Confronting the President

The main character of the ongoing week is yet again the President. It hasn’t been a full three weeks since New Year and he has already been predicted to leave his post, then exposed as the lobbyist of criminals and now accused of blackmailing and mischief. This time the main accuser was the Vice-Prime Minister and Minister of Energy of Georgia, Kakha Kaladze who confronted the President after the latter published a public letter in which he asked the government to make the terms of the “secret” agreement, signed by Mr. Kaladze with Gazprom, public. However, there is yet another reason for the conflict between the President and Vice-Premier.

Kaladze is one of the main political figures of the Georgian Dream government. After billionaire ex-PM Bidzina Ivanishvili, he is the second person to be entrusted to manage the human resources policy in the government. After the October 8 elections, many believed that he would take the post of Interior Minister of Georgia, though this did not happen- he went back to the Ministry of Energy, certainly no career advancement. This was followed by rumors about him running for the post of Tbilisi Major or even President of Georgia. He openly denied interest towards becoming Major, which indicates that his main goal is to become the President.

The idea that Mr. Kaladze might be aiming towards the President’s post seems quite legitimate to political analyst Gia Khukhashvili. He says that if the law about electing the President does change, the candidate for presidency will definitely be Kakha Kaladze, “There are just three or four groups in the Georgian Dream which are ready to take steps to get the high-profile posts. Kaladze is among them, and is certainly counting on his future presidency. He has been supporting MPs in the majority, brought to parliament by him, and, most importantly, he has good relations with the main manager of the party, as well as the country, Mr. Ivanishvili.”

Vice-PM Kaladze’s presidential ambitions were first revealed in the elections of 2008, when he was considered an ardent supporter of Mikheil Saakashvili. In one of his TV interviews, Kaladze mentioned that his dream was to become the President of Georgia. Nine years ago, the footballer’s dream of becoming the President was perceived with humor by the political elites. However, as it turned out, this is quite realistic today.

The main question raised after the briefing held between the Vice-PM and President about Gazprom is what chances does President Margvelashvili have in this confrontation? The answer is “none”, if the law on the election of President changes and the power shifts to Parliament. The chances of President Margvelashvili keeping his position will be clear only after the elections. Maybe this is what ex-Parliament Speaker Usupashvili was on about when he suggested the President resign and call early Presidential elections. It wasn’t hard to see that the temporary truce between Georgian Dream and the President would eventually be broken.
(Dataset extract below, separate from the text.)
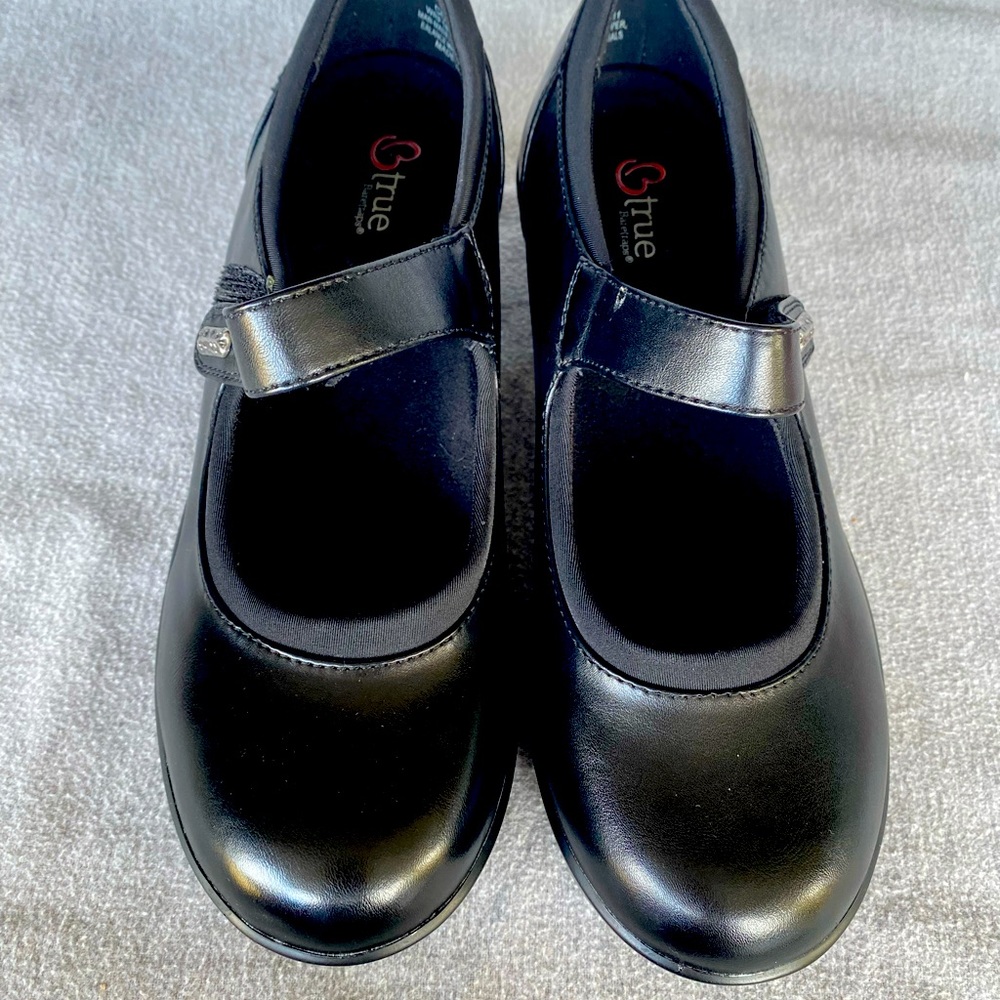 Bare traps comfortable women's shoes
For two years the country witnessed squabbles, resembling a tragi-comedy, between the President and then-Prime Minister Garibashvili, and the reason for this was largely the failed distribution of powers in the Constitution. The appointment of Kvirikashvili seemed to extinguish that conflict, but everything spoke of the fact that sooner or later the fire would reignite. The only ambiguousness was regarding who would confront the President this time: the Prime Minister, or the Government.

Whether it will again be Margvelashvili winning the new fight is hard to predict, since Ivanishvili has created a ruling system in which the personas “created” by him are obliged to follow his orders but take on the responsibility for consequences themselves. Therefore, nobody knows if the billionaire really wants Mr. Kaladze to gain more power and become president, or not.